Extracted information START
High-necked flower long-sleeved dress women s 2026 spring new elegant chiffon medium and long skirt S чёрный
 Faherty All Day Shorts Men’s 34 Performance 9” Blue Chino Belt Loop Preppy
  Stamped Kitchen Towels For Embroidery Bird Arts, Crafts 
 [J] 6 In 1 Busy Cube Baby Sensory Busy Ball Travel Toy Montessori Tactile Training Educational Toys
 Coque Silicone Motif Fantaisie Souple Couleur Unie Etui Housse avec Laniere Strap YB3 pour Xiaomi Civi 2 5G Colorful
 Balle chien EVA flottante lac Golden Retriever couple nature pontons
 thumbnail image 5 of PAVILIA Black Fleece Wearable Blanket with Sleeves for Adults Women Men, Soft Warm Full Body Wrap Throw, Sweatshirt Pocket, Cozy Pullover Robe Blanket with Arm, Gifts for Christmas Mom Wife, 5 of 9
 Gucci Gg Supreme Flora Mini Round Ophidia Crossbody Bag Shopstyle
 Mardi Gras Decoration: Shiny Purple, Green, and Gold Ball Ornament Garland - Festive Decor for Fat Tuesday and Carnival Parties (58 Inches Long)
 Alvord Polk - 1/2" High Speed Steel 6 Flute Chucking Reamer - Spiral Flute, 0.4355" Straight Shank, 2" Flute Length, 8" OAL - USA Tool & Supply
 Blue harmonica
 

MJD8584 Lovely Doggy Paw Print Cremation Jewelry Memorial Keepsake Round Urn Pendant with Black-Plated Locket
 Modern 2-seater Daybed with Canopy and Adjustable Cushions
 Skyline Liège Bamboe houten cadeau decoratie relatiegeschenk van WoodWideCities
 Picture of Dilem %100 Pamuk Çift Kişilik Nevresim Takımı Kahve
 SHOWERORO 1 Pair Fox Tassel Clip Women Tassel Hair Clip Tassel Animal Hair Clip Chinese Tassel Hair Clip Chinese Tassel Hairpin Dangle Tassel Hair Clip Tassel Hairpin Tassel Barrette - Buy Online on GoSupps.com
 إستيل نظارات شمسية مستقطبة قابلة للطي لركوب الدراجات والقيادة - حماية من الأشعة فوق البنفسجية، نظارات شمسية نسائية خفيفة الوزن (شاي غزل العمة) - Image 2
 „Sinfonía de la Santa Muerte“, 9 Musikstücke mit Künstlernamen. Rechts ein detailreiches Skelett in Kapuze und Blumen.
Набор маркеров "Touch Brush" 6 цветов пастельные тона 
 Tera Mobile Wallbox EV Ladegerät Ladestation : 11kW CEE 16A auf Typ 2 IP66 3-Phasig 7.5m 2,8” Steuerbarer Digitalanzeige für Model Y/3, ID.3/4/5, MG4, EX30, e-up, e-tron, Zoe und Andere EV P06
Extracted information END
Problem to solve.
The answer should consist solely of the lines from the first line above through the one with "SHOWERORO 1 Pair", both included, repeated exactly.

Answer to the exercise.
High-necked flower long-sleeved dress women s 2026 spring new elegant chiffon medium and long skirt S чёрный
 Faherty All Day Shorts Men’s 34 Performance 9” Blue Chino Belt Loop Preppy
  Stamped Kitchen Towels For Embroidery Bird Arts, Crafts 
 [J] 6 In 1 Busy Cube Baby Sensory Busy Ball Travel Toy Montessori Tactile Training Educational Toys
 Coque Silicone Motif Fantaisie Souple Couleur Unie Etui Housse avec Laniere Strap YB3 pour Xiaomi Civi 2 5G Colorful
 Balle chien EVA flottante lac Golden Retriever couple nature pontons
 thumbnail image 5 of PAVILIA Black Fleece Wearable Blanket with Sleeves for Adults Women Men, Soft Warm Full Body Wrap Throw, Sweatshirt Pocket, Cozy Pullover Robe Blanket with Arm, Gifts for Christmas Mom Wife, 5 of 9
 Gucci Gg Supreme Flora Mini Round Ophidia Crossbody Bag Shopstyle
 Mardi Gras Decoration: Shiny Purple, Green, and Gold Ball Ornament Garland - Festive Decor for Fat Tuesday and Carnival Parties (58 Inches Long)
 Alvord Polk - 1/2" High Speed Steel 6 Flute Chucking Reamer - Spiral Flute, 0.4355" Straight Shank, 2" Flute Length, 8" OAL - USA Tool & Supply
 Blue harmonica
 

MJD8584 Lovely Doggy Paw Print Cremation Jewelry Memorial Keepsake Round Urn Pendant with Black-Plated Locket
 Modern 2-seater Daybed with Canopy and Adjustable Cushions
 Skyline Liège Bamboe houten cadeau decoratie relatiegeschenk van WoodWideCities
 Picture of Dilem %100 Pamuk Çift Kişilik Nevresim Takımı Kahve
 SHOWERORO 1 Pair Fox Tassel Clip Women Tassel Hair Clip Tassel Animal Hair Clip Chinese Tassel Hair Clip Chinese Tassel Hairpin Dangle Tassel Hair Clip Tassel Hairpin Tassel Barrette - Buy Online on GoSupps.com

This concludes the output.